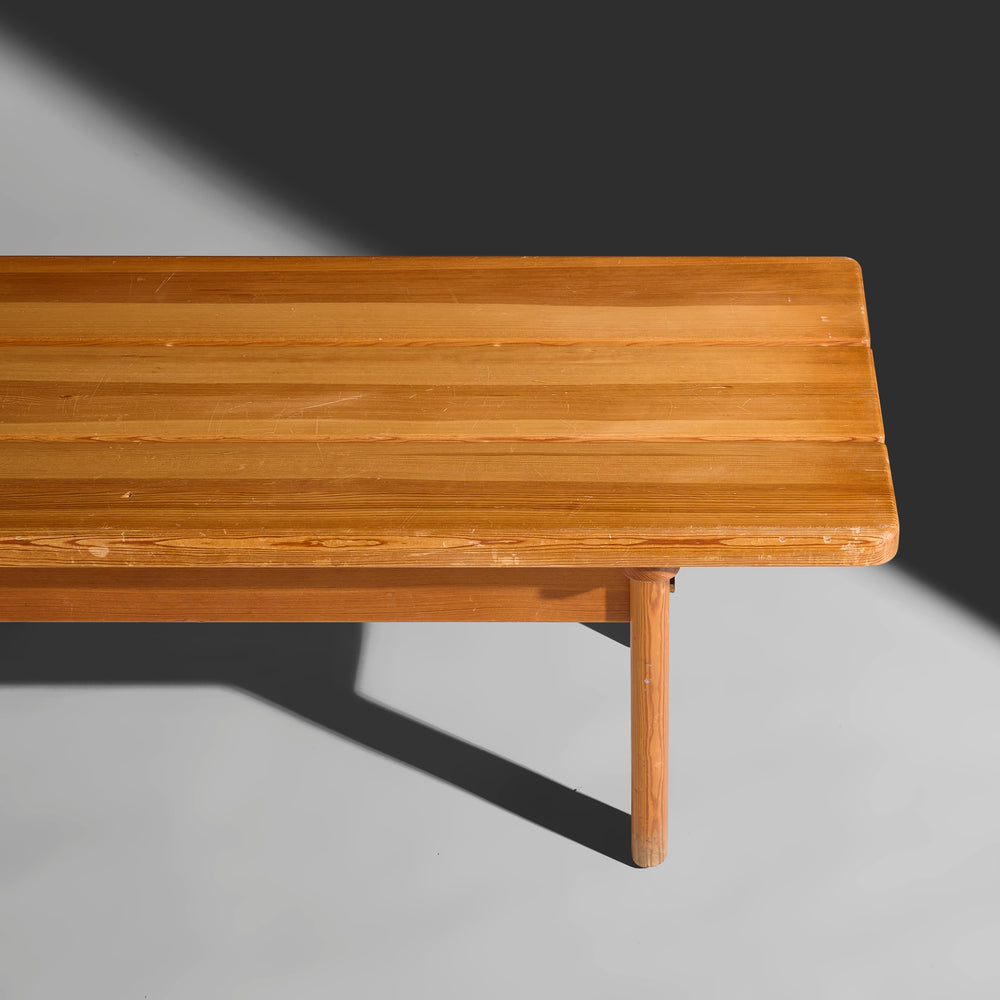 Børge Mogensen vintage  'ASSERBO'  pine and brass bench Produced by Karl Andersson & Söner 1960s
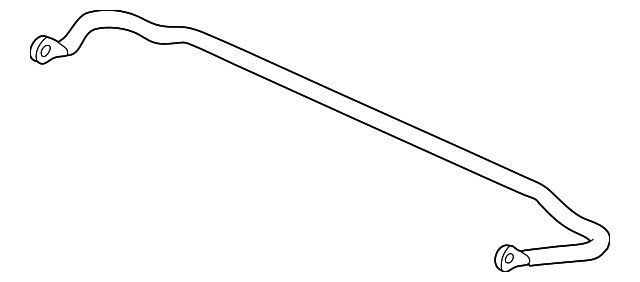 Rear Suspension Stabilizer Shaft - GM (96843014)
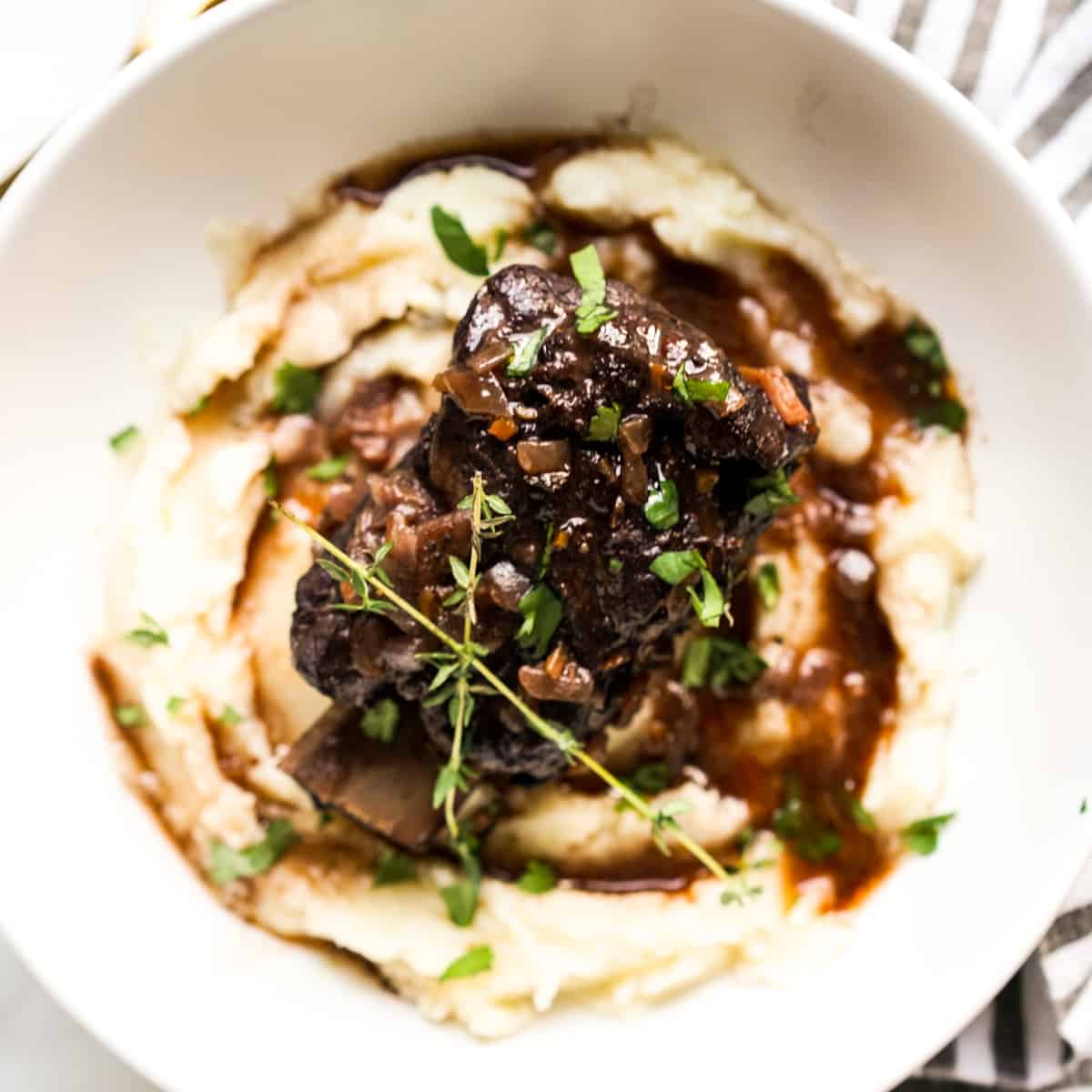 Red Wine Braised Short Ribs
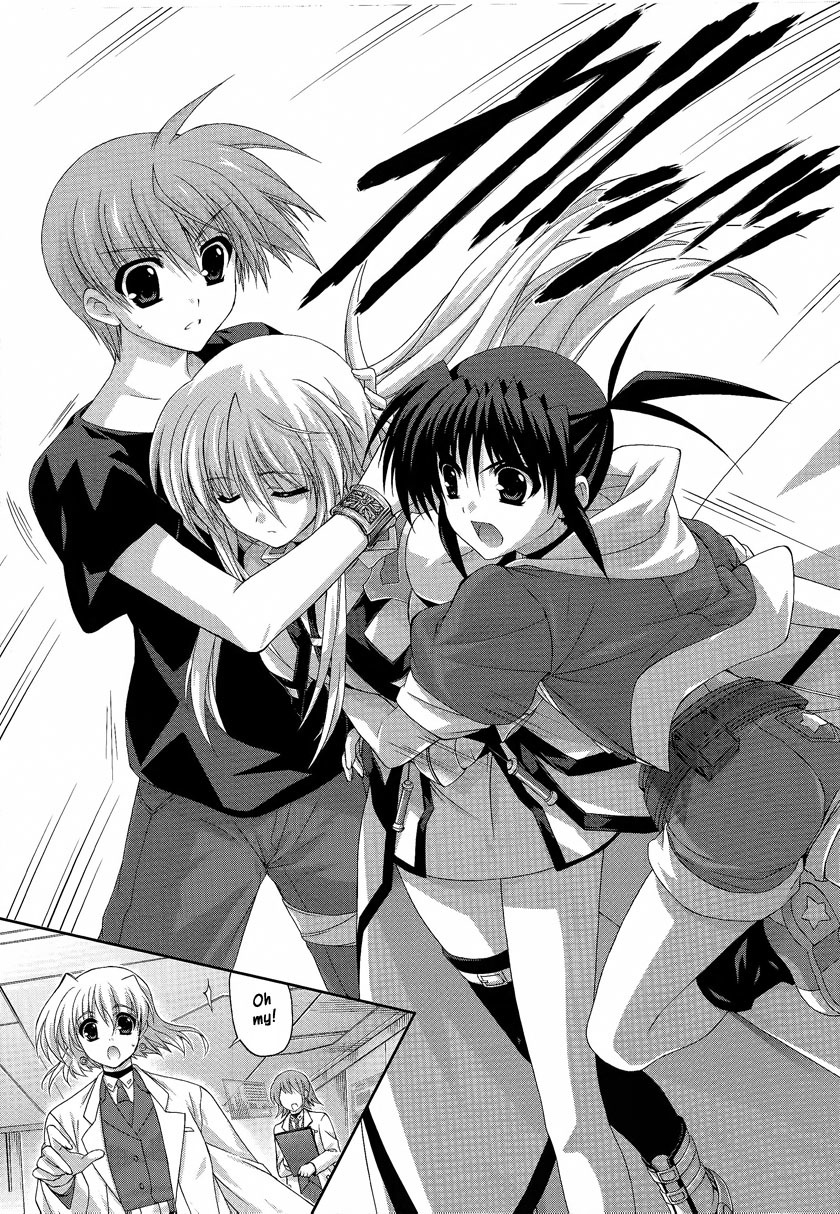 Mahou Senki Lyrical Nanoha Force Chapter 16 page 13 - Chapter 16: Record 16 - 「Re-act」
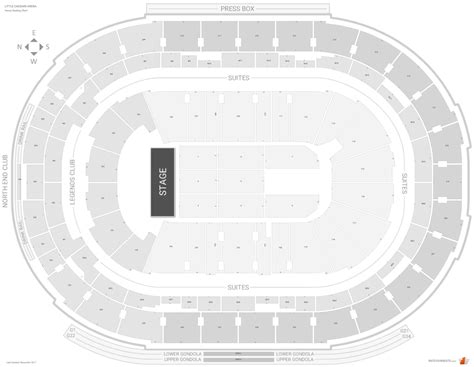 Little Caesars Arena: Combat Sports and Boxing Seating Map 28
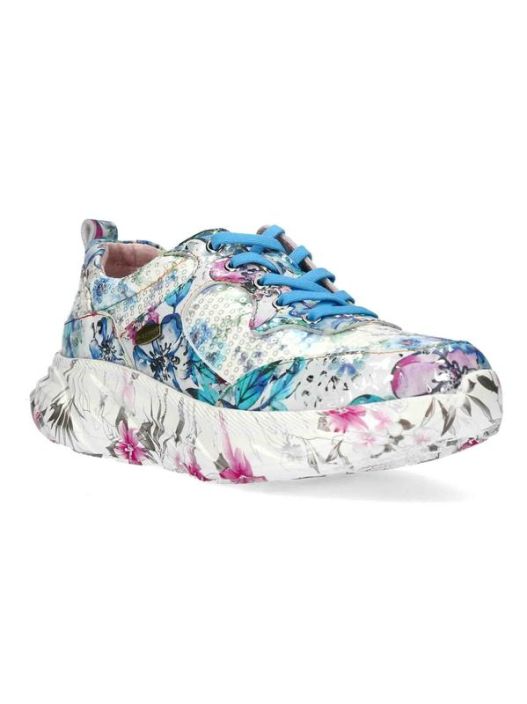 Laura Vita kengät Sofiao 07 Bleu siniset ihanat kukkakuosit tuotekuva 1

Task statement: In the records above, find the line that contains "Rear Suspension Stabilizer" and repeat exactly that line and all lines after it to the end. Do not include pictures.

Answer to this task:
 Rear Suspension Stabilizer Shaft - GM (96843014)
 Red Wine Braised Short Ribs
 Mahou Senki Lyrical Nanoha Force Chapter 16 page 13 - Chapter 16: Record 16 - 「Re-act」
 Little Caesars Arena: Combat Sports and Boxing Seating Map 28
 Laura Vita kengät Sofiao 07 Bleu siniset ihanat kukkakuosit tuotekuva 1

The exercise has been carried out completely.